I know someone who got caught-up in the "I will never do that" syndrome. I will call her ‘Miss Judgemental’. While not every woman who gets caught up in an affair sets out to be in one, there is a very thin line; it is a very, very innocent something that can over-shadow you and before you know it, you are doing the unthinkable. The interesting thing is a happily married woman can be sucked into an affair if she is not conscious even though she would have convinced herself that can never happen to her.

Here is a scenario. A male friend may innocently start confiding in his married female friend about his troubles with his relationship. Talking on the phone once in a while increases to speaking to each other every day. They may meet for lunch once or twice, all innocently. I can't say what causes it and how it happens, but sometimes there maybe a hidden agenda by the male. There may have been a mutual secret attraction that does not surface until you start spending time with the person. If and when it comes to one’s consciousness, it should be nipped in the bud. If it's left unchecked, you can find yourself in an intimate situation and you don't know how you got there and how to get out of it. Flesh is weak for even the strongest person. One should always try to avoid being alone with someone you are attracted to, because anything can happen, if presented with the right moment and caught in the right frame of mind.

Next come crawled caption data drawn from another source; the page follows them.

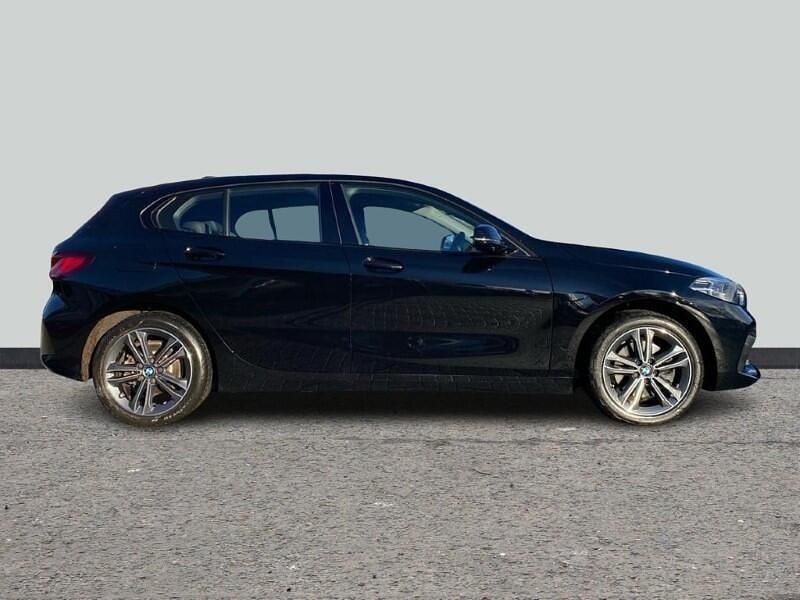 Used BMW 118 Sport Line 134 HP (98 kW) 2023 Black Hatchback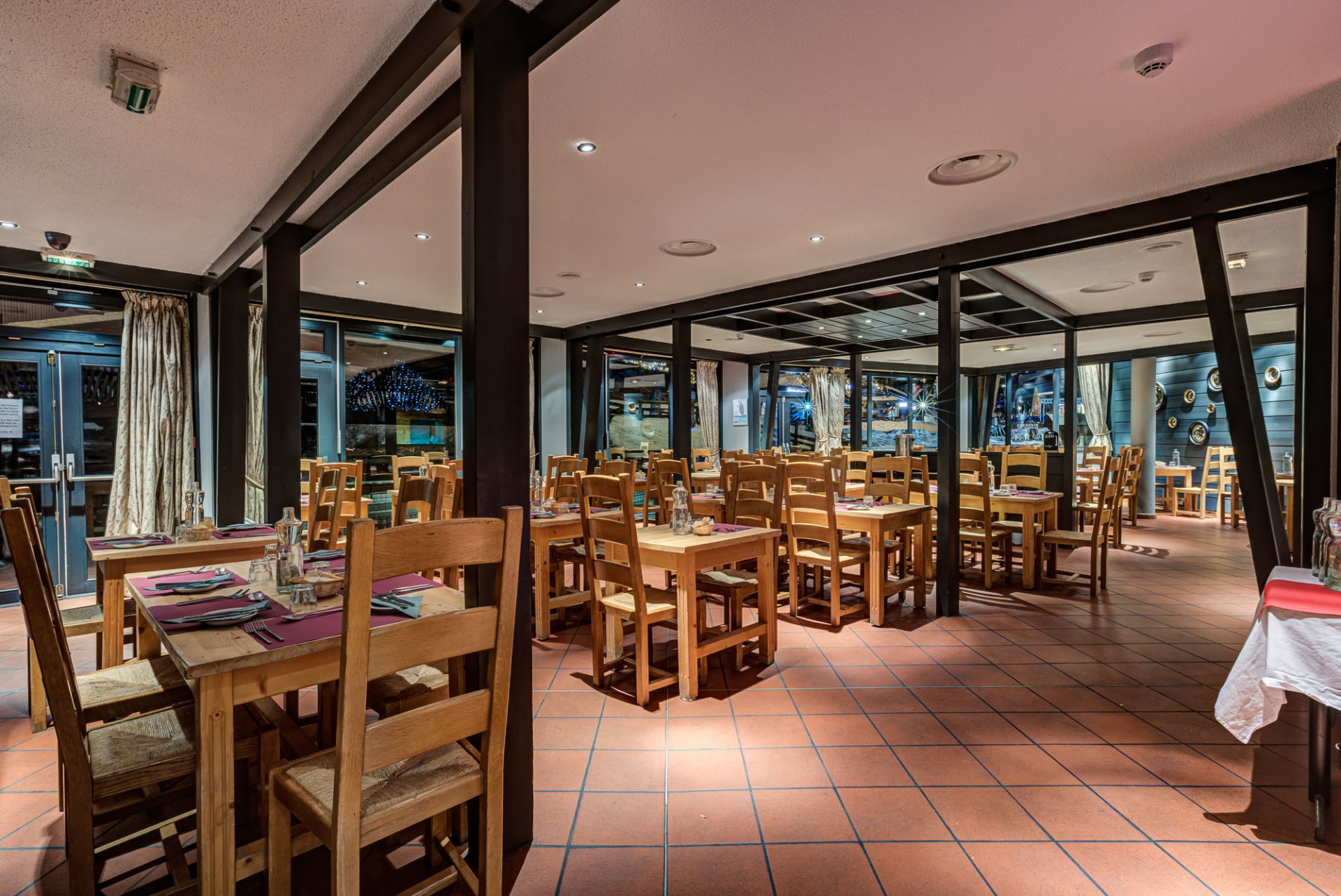 Salle restaurant - © Le Montana Salle restaurant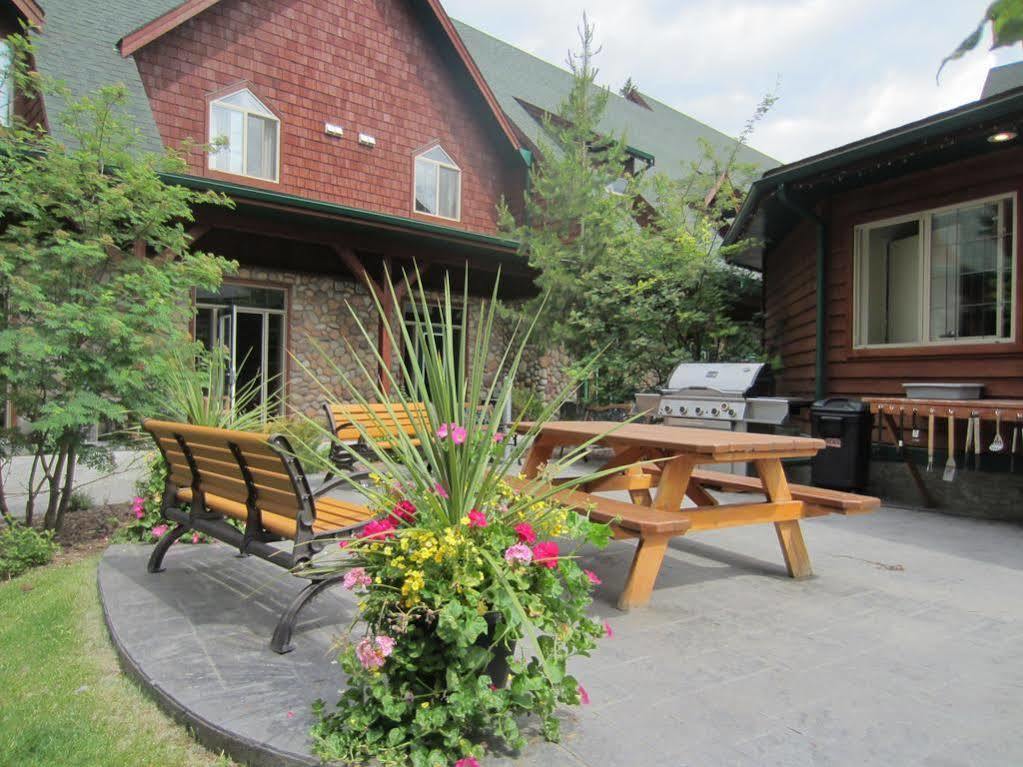 Mystic Springs Chalets & Hot Pools Canmore Zewnętrze zdjęcie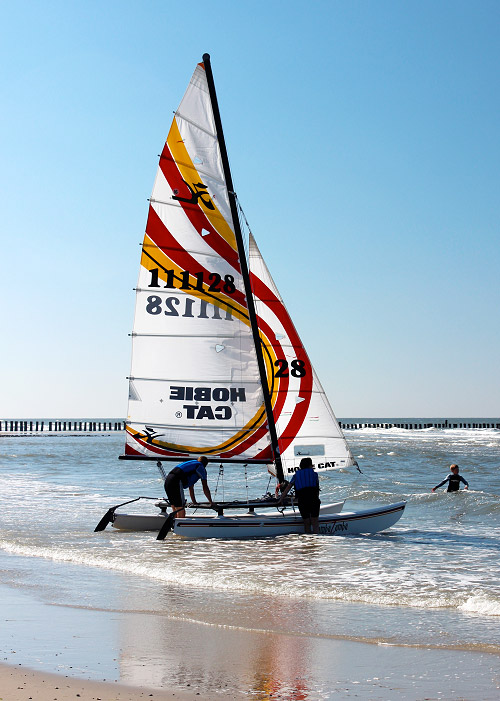 Ein Hobie Cat sticht in See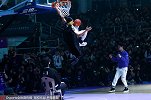直击大学生张健豪空接越人飞扣 卫冕扣篮大赛冠军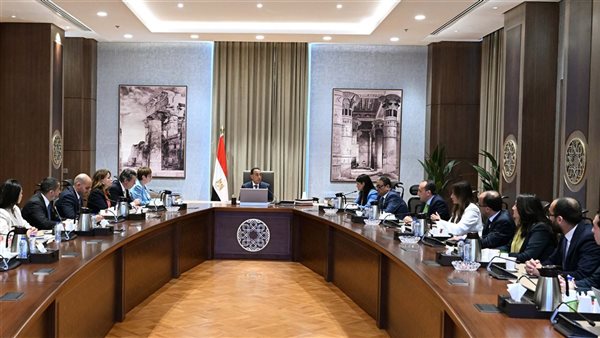 البنك الأوروبي يُشيد بإجراءات الحكومة.. ويؤكد: ملتزمون بدعم الاقتصاد المصري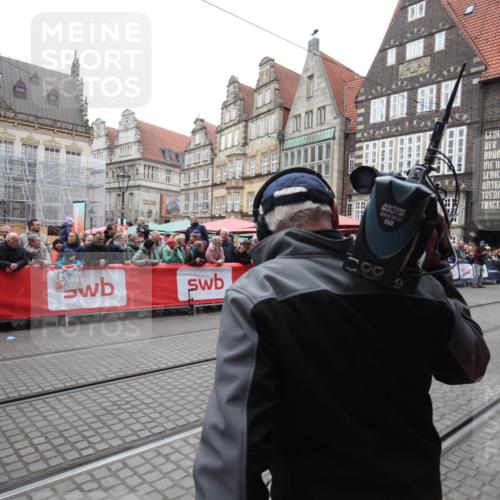 05.10.2025 - 20. swb-Marathon Bremen Yannick Fuchs http://msf.ph/oto/9310915 05.10.2025 11:25:18 Ziel 9763 meine-sportfotos.de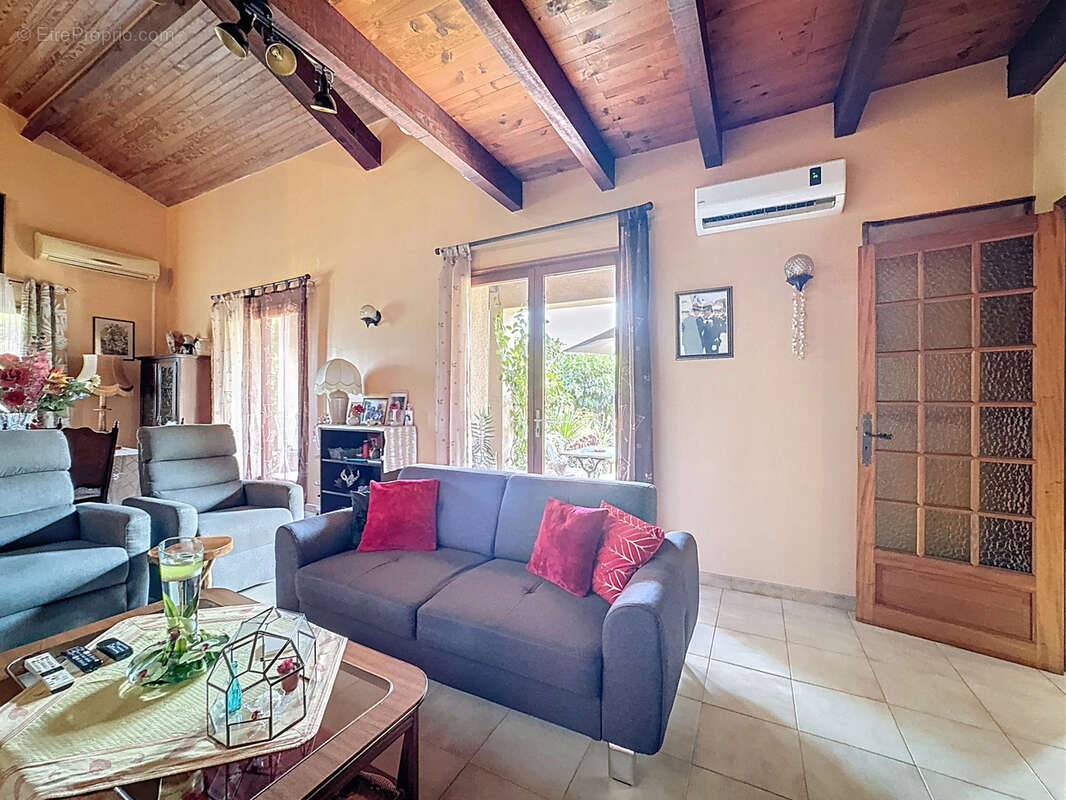 Maison PRUNELLI-DI-FIUMORBO: 5 pièces-140 m2 + Terrain 1450 m2 - photo 7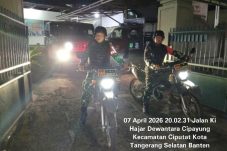 Babinsa Koramil Cibodas dan Ciputat Gelar Patroli Gabungan Guna Jaga Kondusivitas Wilayah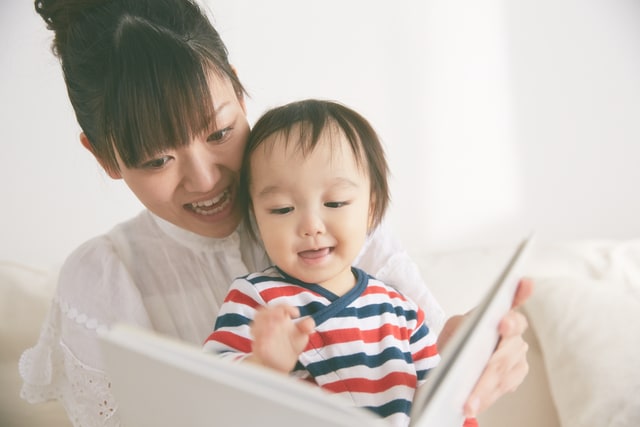 英語教育で日本語のコミュニケーション能力にも影響が！？先輩ママが教えてくれた子どもの特徴。のタイトル画像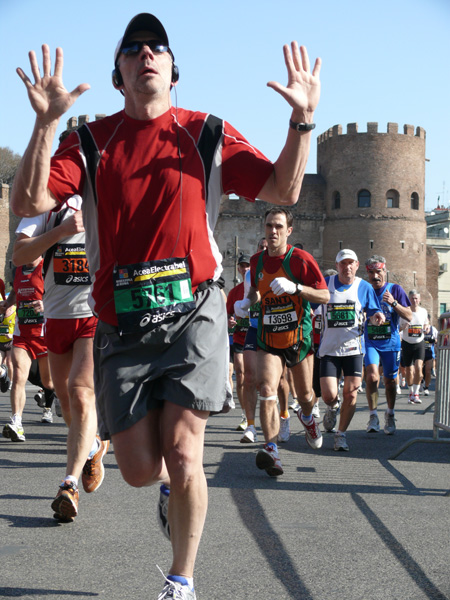 Maratona della Città di Roma (22/03/2009) giulia_1050282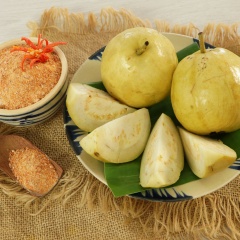 Ổi Luộc Và Muối Ớt Xào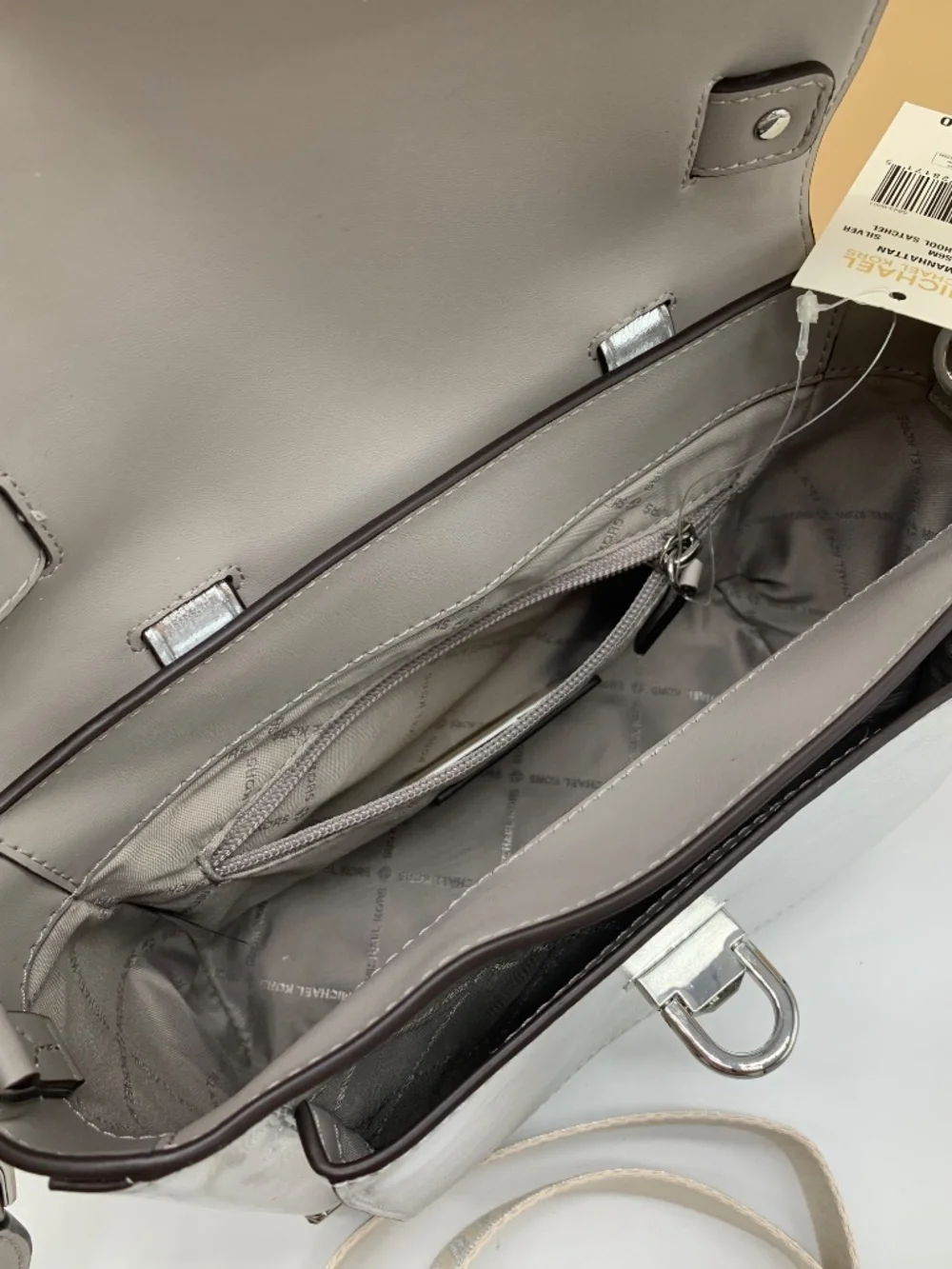 Michael Kors Manhattan Medium Patent Faux Leather Satchel in Black - Picture 11 of 13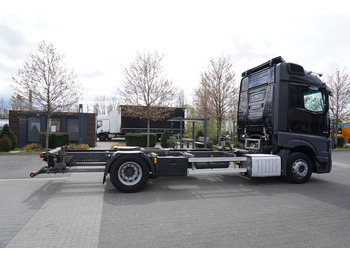 Camion şasiu MERCEDES-BENZ Actros 1840 E6 4x2 / Lounge chair BDF: Foto 3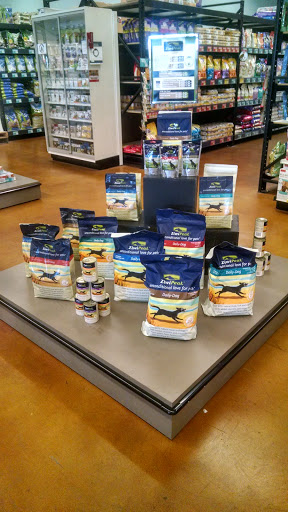 Pet Supply Store «Centinela Feed & Pet Supplies», reviews and photos, 18553 Devonshire St, Northridge, CA 91324, USA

While it is okay to have friends of the opposite sex, one should keep a close eye on the nature of the relationship. It should be transparent and you should not be spending time together alone if you know your feelings for each other is or likely to be developed beyond plantonic. If there is trouble in your current relationship, avoid confiding in your male friend. If there is a need to speak to someone outside of your friends circle, speak to a councellor, female pastor etc. One always have to be super conscious at all times as there is no one reason that leads a woman to cheating.

Remember temptation should never be taken for granted as it is likely to happen to anyone. Never say, “NEVER”.